[Opening SUPPLIED RECORDS section]

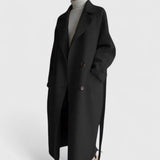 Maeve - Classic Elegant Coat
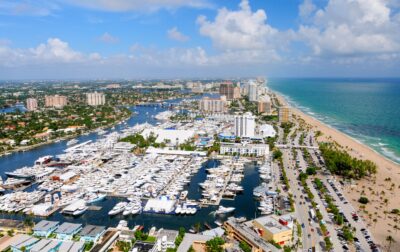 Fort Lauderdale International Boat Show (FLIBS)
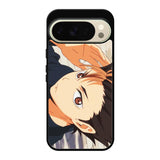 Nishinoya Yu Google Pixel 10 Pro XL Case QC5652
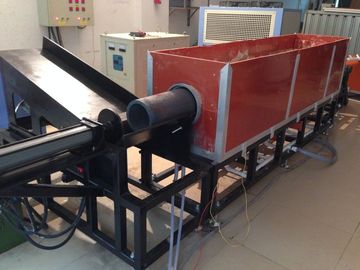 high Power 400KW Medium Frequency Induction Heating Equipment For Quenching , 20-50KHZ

[Closing SUPPLIED RECORDS section]
[Opening SUPPLIED RECORDS section]

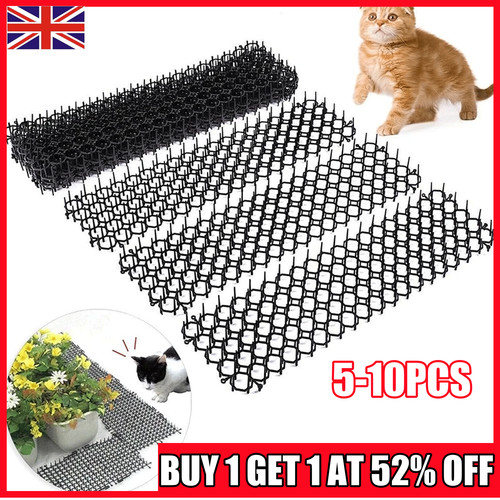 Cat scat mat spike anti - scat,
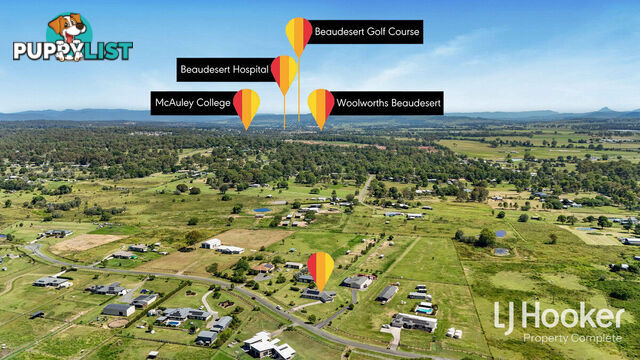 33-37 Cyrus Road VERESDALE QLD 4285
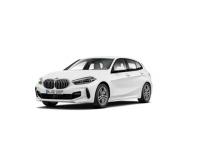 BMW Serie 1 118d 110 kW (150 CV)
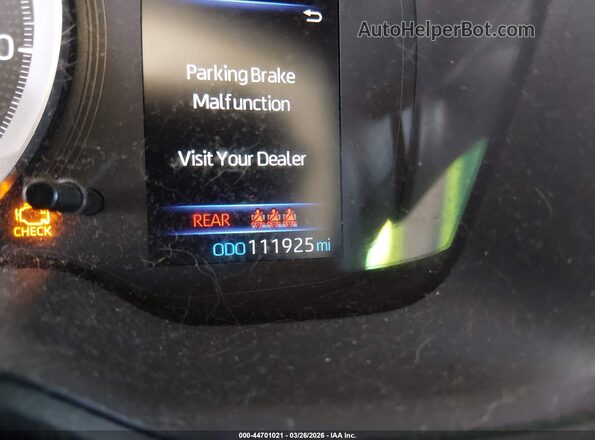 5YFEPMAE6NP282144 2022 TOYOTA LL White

[Closing SUPPLIED RECORDS section]
[Opening SUPPLIED RECORDS section]

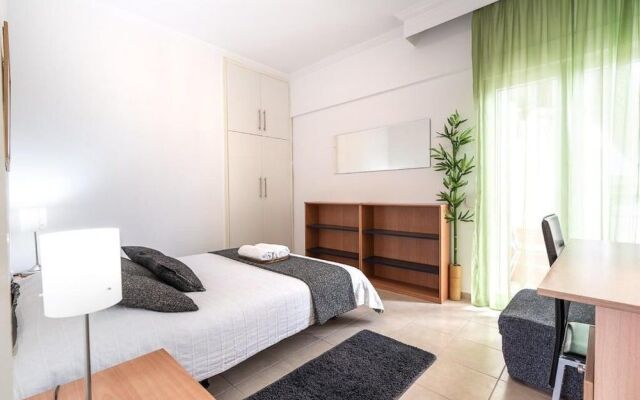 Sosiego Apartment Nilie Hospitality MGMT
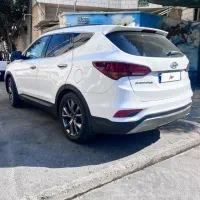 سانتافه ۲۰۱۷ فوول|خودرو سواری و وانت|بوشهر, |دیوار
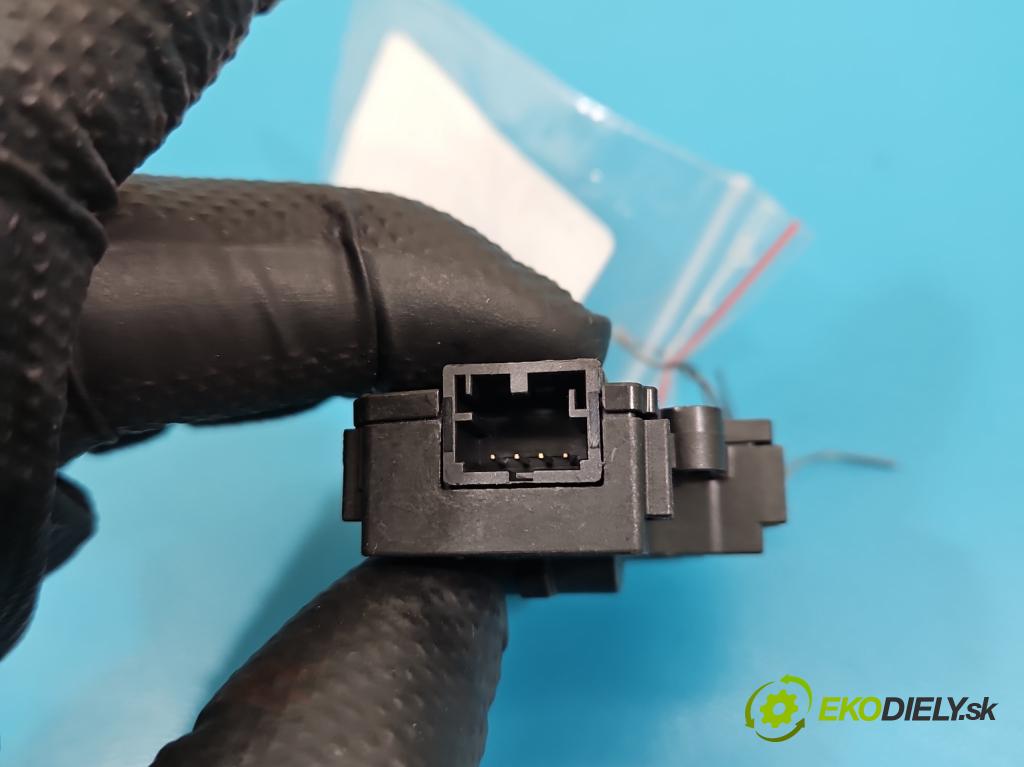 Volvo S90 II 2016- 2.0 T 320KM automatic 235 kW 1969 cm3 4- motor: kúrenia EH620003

[Closing SUPPLIED RECORDS section]

*YOUR GOAL*: Above are the records; copy from them only the lines starting at the one containing "Cat scat mat" and ending at the one containing "5YFEPMAE6NP282144 2022 TOYOTA LL White", exactly and without pictures.

*YOUR RESPONSE*:
 Cat scat mat spike anti - scat,
 33-37 Cyrus Road VERESDALE QLD 4285
 BMW Serie 1 118d 110 kW (150 CV)
 5YFEPMAE6NP282144 2022 TOYOTA LL White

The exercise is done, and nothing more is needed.